Время в повести историческое. Оно течет от мифологической первобытности к флорентийскому народоправству. Воспитывая Амето, нимфы погружают его в поток истории и приобщают к идеалам свободы. Воздействие истории и политики на Амето возрастает по мере его «очеловечивания». Сильнее всего элемент политики и «историзма» в рассказах тех нимф, которые у Данте олицетворяли богословские добродетели. Это Фьямметта называет политическую свободу «божьим даром» и воспевает основателя Афин Тесея, Юния Брута, Катона Утического, Катона Старшего, Фабриция, Павла Эмилия, Сципиона, Цицерона. А рассказ Лии превращается в развернутую историю Флоренции; его венчает красноречивое признание в любви, адресованное «народному закону». Это последний завершающий штрих в воспитании нового человека. Всесторонность развития личности, с точки зрения автора «Комедии флорентийских нимф», включала в себя гражданские добродетели пополанского режима, рассматриваемого как наивысшее достижение человеческого прогресса. Три основных героя повести — Амето, Лия и Флоренция — на ее последних страницах сливаются в органическое единство нового человеческого идеала, который является одновременно идеалом эстетическим, этическим и общественно-политическим. Старого, средневекового бога сменяет божество новой культуры. У божественного человека тоже три ипостаси и все они обращены к нашему миру, или, вернее, к тому миру, который продолжатели Боккаччо назовут regnum hominis («царством человека»).

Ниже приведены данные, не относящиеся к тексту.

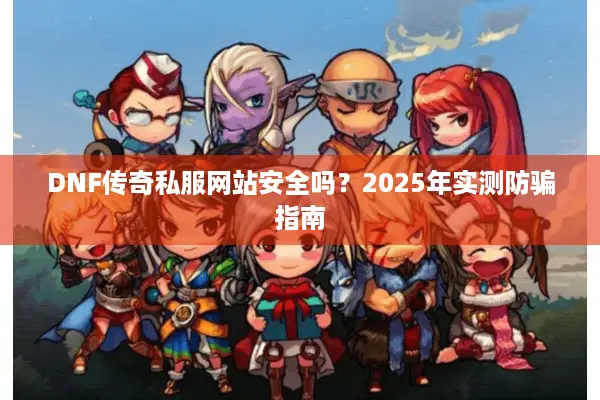DNF传奇私服网站安全吗？2025年实测防骗指南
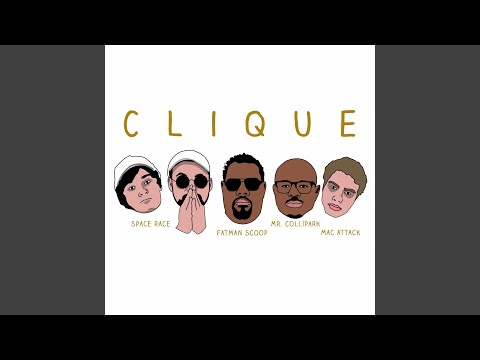Clique (feat. Fatman Scoop)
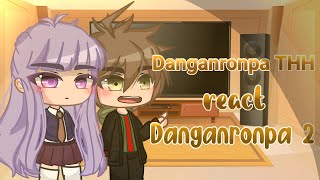 Danganronpa THH react Danganronpa 2 12 [upl. by Mariande53]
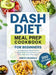 DASH Diet Meal Prep Cookbook for Beginners: 200 Low-Sodium DASH Recipes with a Complete Guide to Prep Your DASH Diet Meals and Improve Your Health by Shirley Deangelo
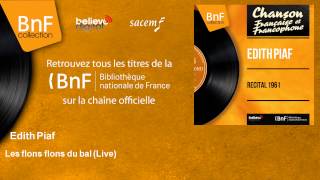 Édith Piaf - Les flons flons du bal - Live - feat. Jacques Lessage Orchestra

«Амето» — не только первая повесть итальянского Возрождения, это также повесть о Возрождении. Идеал «Амето» вырос на общественной почве Флоренции, вобрав в себя все самое передовое и революционное, что содержалось в ее истории. Это флорентийский народ, еще недавно раскрепостивший крестьян и объявивший «счастливое состояние свободы» естественным состоянием человека («Установления справедливости»), помог Боккаччо по-новому взглянуть на человека и его место в мироздании; этот народ освободил будущего автора «Декамерона» от феодально-сословных представлений, навязывающихся ему Анжуйским Неаполем, и предохранил его творчество от корыстных интересов «жирных» флорентийских толстосумов из старших цехов — эгоистических, бесчеловечных и тоже сословных.

Однако «Амето» не только вбирал в себя лучшие идеи Флоренции — в свою очередь он также предлагал ей свой идеал, идеал «божественного человека», т. е. идеал полной гармонии природы и культуры, человечности и политики в качестве исторической цели, идя к которой, поиолапская Флоренция, а вслед за ней и все человечество превратит землю в социальный рай. Поэзия молодого Боккаччо была национальной и уже поэтому пронизана этикой и политикой. Это роднило ее с лирикой Петрарки. Но верил ли Боккаччо в то, что ему удастся сразу же перевоспитать «жирных горожан» и что социальный рай на земле установится в ближайшее время? — Вряд ли. Земной рай в «Амето» граничит с реально-исторической Флоренцией, но граница между ними не стерта. Мифологическое время в повести не метаисторично, но, переходя во время историческое, оно не теряет полностью своего мифологизма. Превращение первобытного охотника в «божественного человека» Возрождения происходит в эстетических пределах идиллии, в сказочной обстановке идеализированной тосканской природы, населенной нимфами и литературно образованными пастухами. Преображенный любовью, Амето идет не во Флоренцию. Он уходит куда-то вдаль, и возникший в конце повести автор печально провожает его взглядом.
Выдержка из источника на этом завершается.